By Colin Lloyd
The Trump correction of January appears to have run its course. This is evident in the rebound of the US$ Index. US stocks remain ascendant, reaching all-time highs at month end. US bond markets, meanwhile, remain range-bound, reluctant to give up the yield increases seen since the November election. In Germany, Bund yields declined.
The US$ Index hit its lowest level since the November election on 2nd at 99.19, only to recover. By the 15th it had tested its high at 101.75.
EURUSD followed a similar pattern of consolidation after testing a high of 1.0829 on 2nd – not far from the December high of 1.0873. It closed the month near its low at 1.0577.
USDJPY remained strong despite the EURUSD decline. During the month it traded in a narrow 3.5 point range, closing almost unchanged at 112.78.
USDCNH also consolidated after testing its low at 6.7916 on 3rd. The Chinese devaluation has fed through to the Chinese economy over the last few months. Official intervention is likely to keep the currency locked into a narrow range, at least, until the Autumn.
The US stock market continues to benefit from the pro-business combination of Trump in the White House and the GOP in control of Congress and the Senate. The S&P 500 Index traded to new highs, closing the month at 2,362.75 off a high of 2,370.75 on the pen-ultimate day of trading. The VIX Index (a measure of the volatility of the S&P) is, unsurprisingly, at the lower end of its five year range at 12.2%. It makes sense to be cautious in this environment, the S&P index is up nearly 13% from its
pre-election lows. Option strategies may offer good value at these levels.

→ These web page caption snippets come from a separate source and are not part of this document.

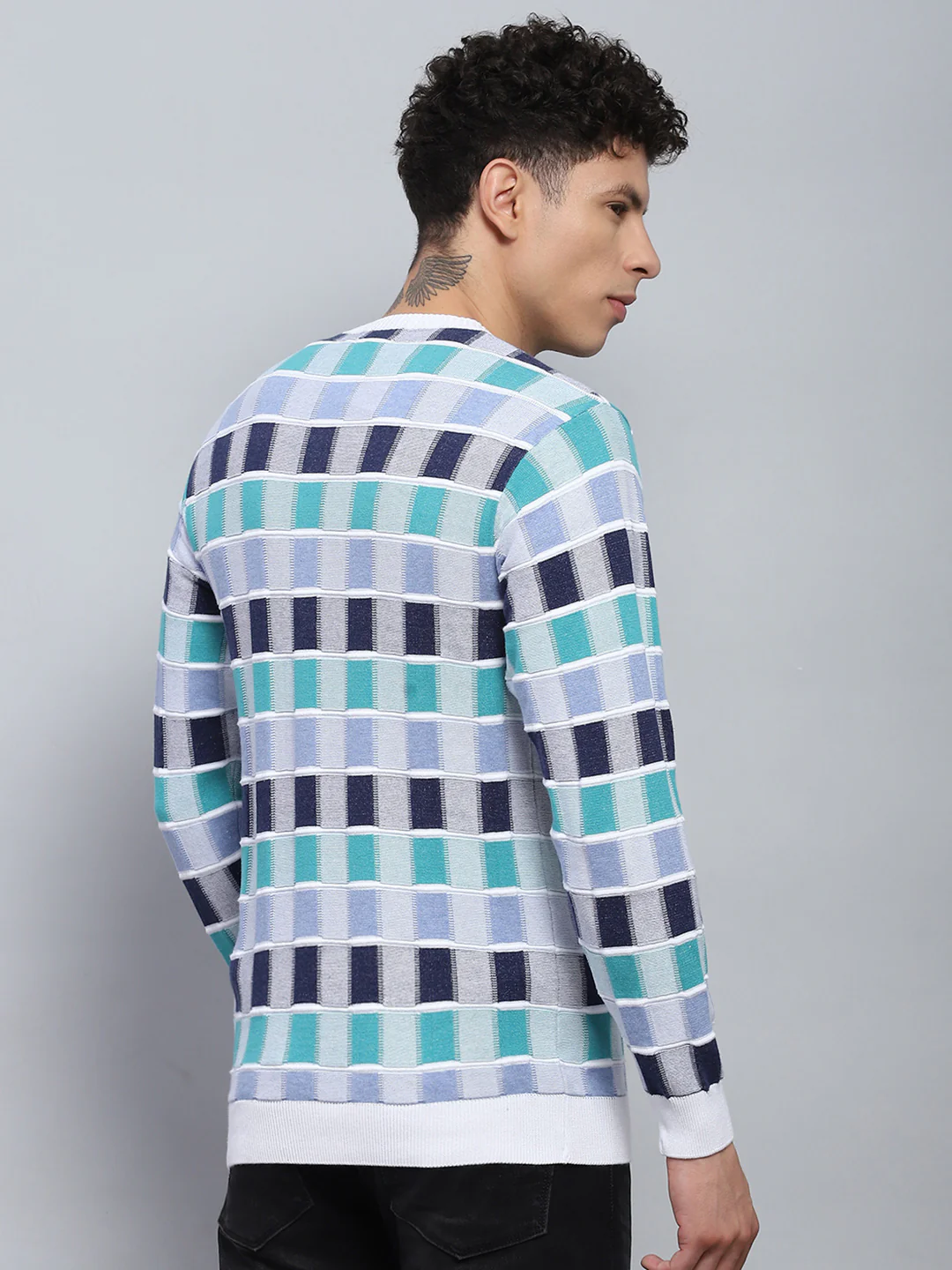 Men Multicolor Check V Neck Full Sleeve Pullover - Image 5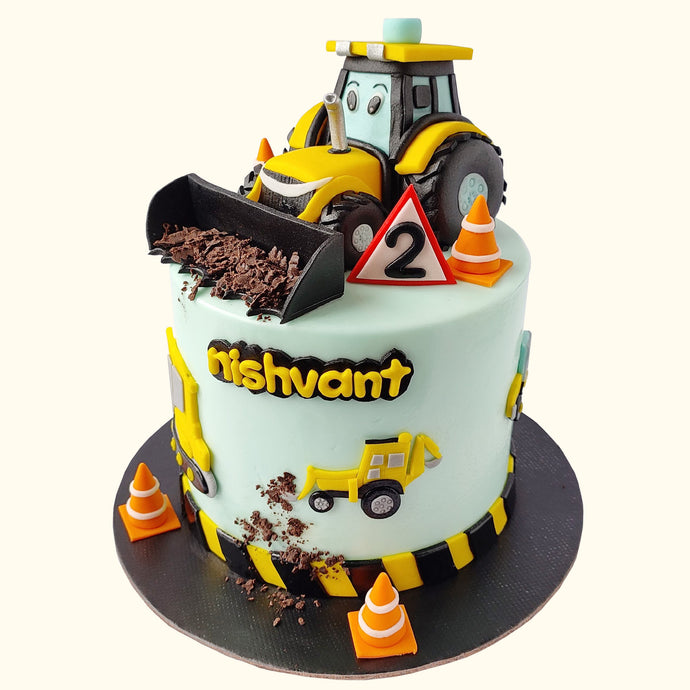 jcb excavator theme cake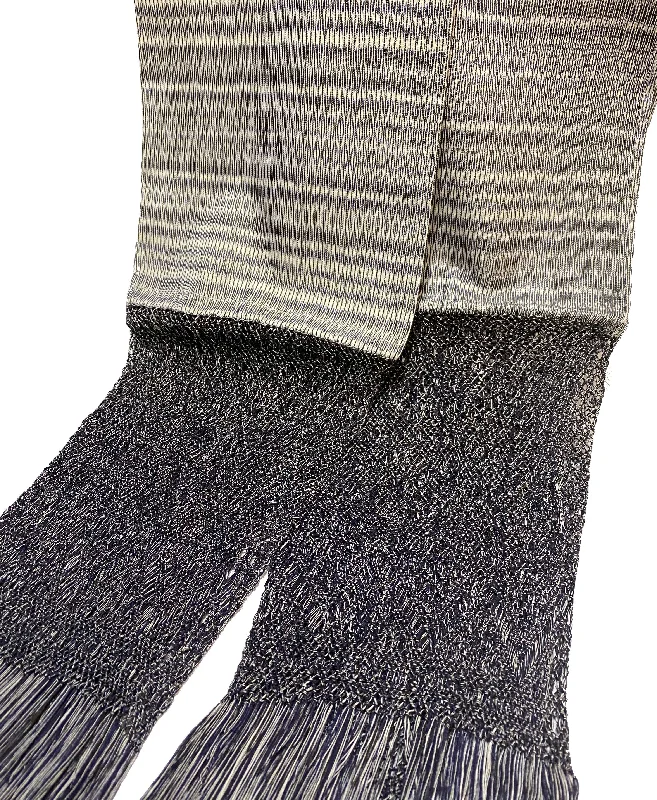 Traditional Tenancingo Rebozo Hand Woven In Loom in Egyptian Cotton Shawl - Black & Gray Chic Chunky Knit Shawl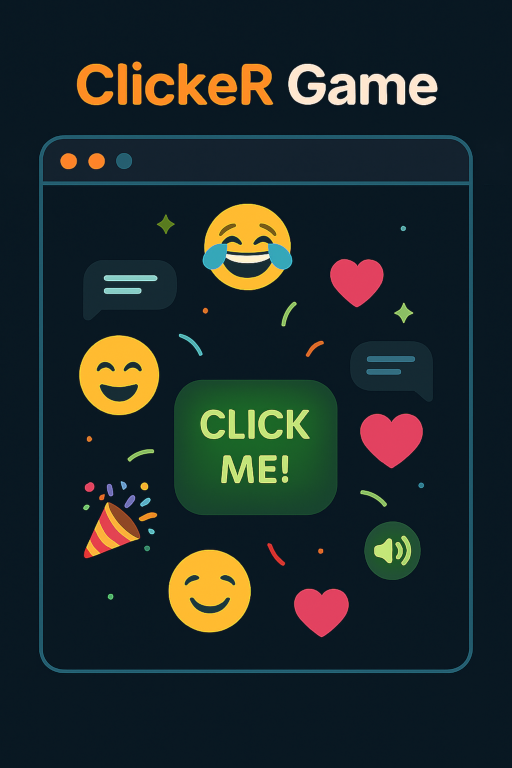 Browser window with a glowing Click Me button surrounded by emojis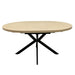 The Dalton Table + 4 Richmond Chairs set features a modern oval table with a light wood finish and a black metal base of four intersecting angled legs.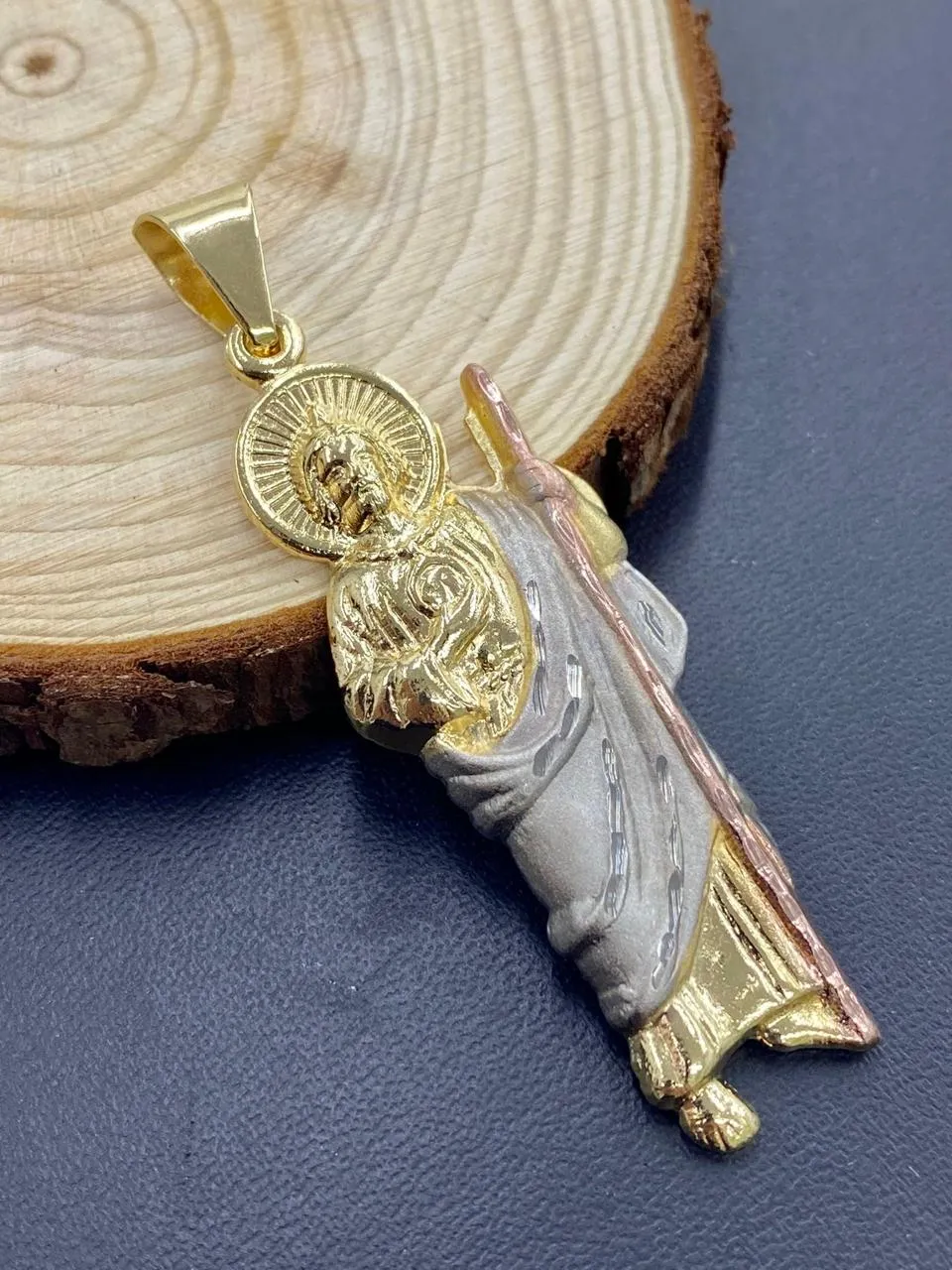 Saint Jude Pendant For Men / San Judas Pendant 2.5x1" / Mens Pendant / Dije de San Judas en Oro Lamindo Para Hombre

The Nikkei 225 remains range-bound. PM Abe’s meeting with the US President was supportive. From a technical perspective the market needs to close above 20,950 in order to have broken-out. The index traded in a 3.7% range last month, closing at 19,119.
The EuroStoxx 50 looks more constructive from a technical perspective. It broke out of its recent range to the upside making a high at 3,355 on 22nd and closing near this level at 3,320. Election fever will dictate the next few months, beginning with the Netherlands on 15th March, followed by France on the 7th May and culminating in German elections on 24th September. The index may have broken out, but it’s difficult to imagine it surging ahead with so much political uncertainty hanging over the markets.
US 10yr bonds, which have seen a substantial increase in yields since November, stabilised and then turned lower over the last few weeks. February was a month of consolidation. The highest yield was seen on 15th at 2.47%, by 24th it had fallen to 2.31%. It closed the month at 2.42%. This is still 90bps above pre-election levels and the prospect of a further rate increase from the Federal Reserve may see yields rise again soon.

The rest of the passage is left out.